-->

17 Mart 2010


Kendi kendime, artık emek hırsızları, pardon Diyarbakırspor hakkında yazmama sözü vermiştim ama dayanamadım. Sağdan soldan duyduğum aymaz yorumlar, ikiyüzlü fısıltılar, basiretsiz tavırlar beni yine klavyenin başına oturttu.

Neymiş efendim, Diyarbakırspor düşürülmemeliymiş. Neden? Yahu neden? İte kaka çıkardınız da ne oldu ki, düşürmeyeceksiniz. Yanlış anlaşılmasın. Zorla düşürülsün demiyorum ama Bursaspor maçında yaşananlarla, Büyükşehir Belediyespor maçında yaşananları ayrı kefeye koyarak, kararın manipüle edilmesine de sonuna kadar karşıyım.

Saha dışı etkenlerle bir maçın yarıda kalmasının cezası hükmen mağlubiyet değil mi? Öyle. Peki biz neyi tartışıyoruz hala? Diyarbakırspor hiç üzerinde düşünmekle, kafa yormakla uğraşmadan, iki hükmen mağlubiyet sebebiyle küme düşürülmelidir. Aksini bana kimse anlatamaz.
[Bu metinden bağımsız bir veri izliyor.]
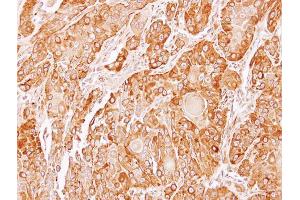 IHC-P Image Immunohistochemical analysis of paraffin-embedded SCC4 xenograft, using TXNDC4, antibody at 1:100 dilution. (ERP44 anticorps)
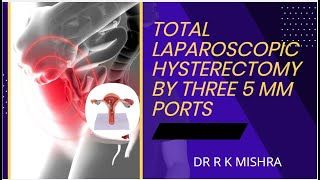 TAPP Inguinal Hernia Repair by Ipsilateral Port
Diyorlar ki, bu seferkine göz yumulsun, hükmen mağlup sayılmasınlar, böylece de kümü düşürülmesinler. Başka dinamikler var, bunları göze almayalım, ortalık karışmasın falan filan... Peki güzel kardeşim, üçüncü seferde ne yapacaksın? Belli ki bu adamlar gemi azıya aldı. Çıldırmış bir şekilde nereye saldıracaklarını şaşırdılar. Muhtemelen bu yaşananlar son olmayacak. O zaman, hak ettiler artık ama mı diyeceksin? Bu işin kriterinin kural kitabında yazanlar olması gerekmiyor mu? Vicdani, siyasi, askeri kriterler koyarsak gün gelir, bu işin içinden hiç çıkamayız. Lütfen saçmalamayınız.